### ACTIVITY
Copy out exactly the lines from the one containing "this 600×357 image." through the end of the records, and no pictures.

(Dataset entries)

....

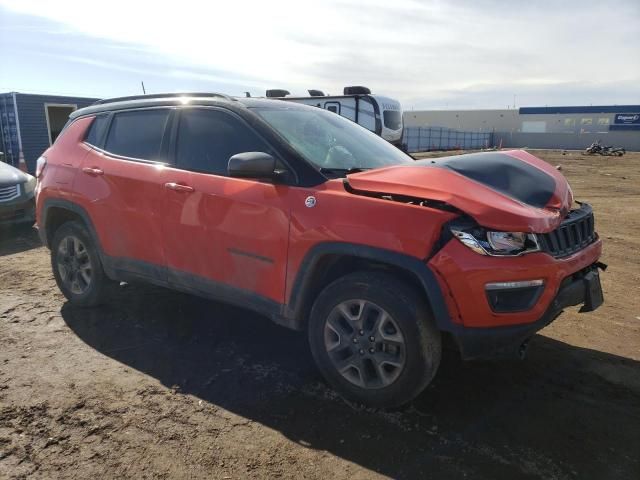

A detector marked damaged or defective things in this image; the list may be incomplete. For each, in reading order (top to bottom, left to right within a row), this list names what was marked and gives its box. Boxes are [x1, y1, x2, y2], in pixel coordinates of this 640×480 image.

detached hood [0, 161, 31, 188]
detached hood [348, 149, 572, 233]
damaged red suv [36, 92, 604, 406]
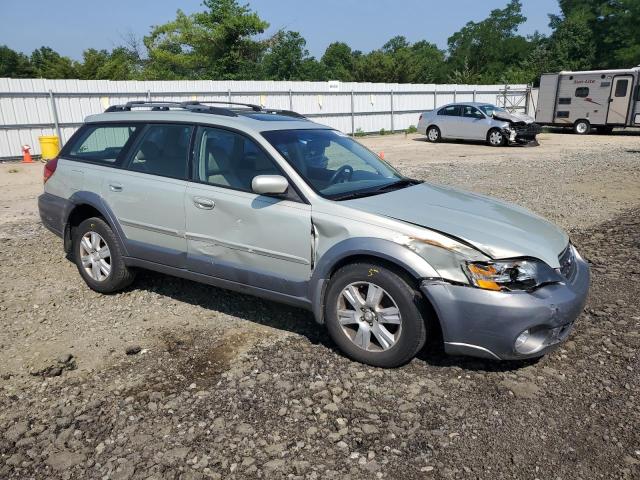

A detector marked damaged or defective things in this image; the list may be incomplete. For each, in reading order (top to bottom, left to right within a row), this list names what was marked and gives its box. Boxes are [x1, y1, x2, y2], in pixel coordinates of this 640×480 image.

damaged front bumper [420, 255, 592, 360]
broken headlight [464, 258, 560, 292]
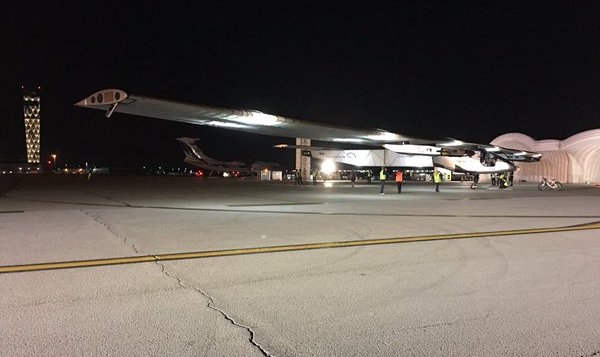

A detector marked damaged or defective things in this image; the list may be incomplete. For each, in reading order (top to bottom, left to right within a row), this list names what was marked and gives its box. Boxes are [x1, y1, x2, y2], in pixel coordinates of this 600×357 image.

tarmac crack [81, 210, 141, 254]
tarmac crack [154, 258, 274, 356]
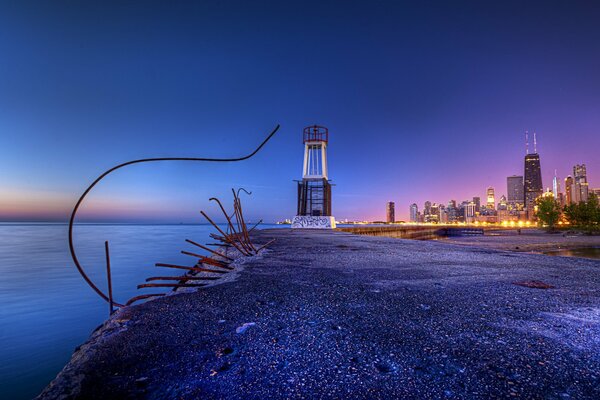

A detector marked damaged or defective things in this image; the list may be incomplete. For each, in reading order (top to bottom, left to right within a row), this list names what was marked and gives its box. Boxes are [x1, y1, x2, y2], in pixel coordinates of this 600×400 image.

rusted metal spike [185, 239, 234, 260]
rusty metal rod [185, 239, 234, 260]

....

### TASK OUTPUT
A detector marked damaged or defective things in this image; the list may be incomplete. For each, in reading order (top to bottom, left to right within a row), this list names what was marked and gives its box. Boxes are [x1, y1, x2, y2], in pixel coordinates of this 600×357 image.

tarmac crack [81, 210, 141, 254]
tarmac crack [154, 258, 274, 356]

A detector marked damaged or defective things in this image; the list may be incomplete. For each, in reading order (top to bottom, left to right within a row), this list names what was marked and gives its box. Boxes are [x1, y1, x2, y2], in pixel coordinates of this 600×400 image.

rusted metal spike [185, 239, 234, 260]
rusty metal rod [185, 239, 234, 260]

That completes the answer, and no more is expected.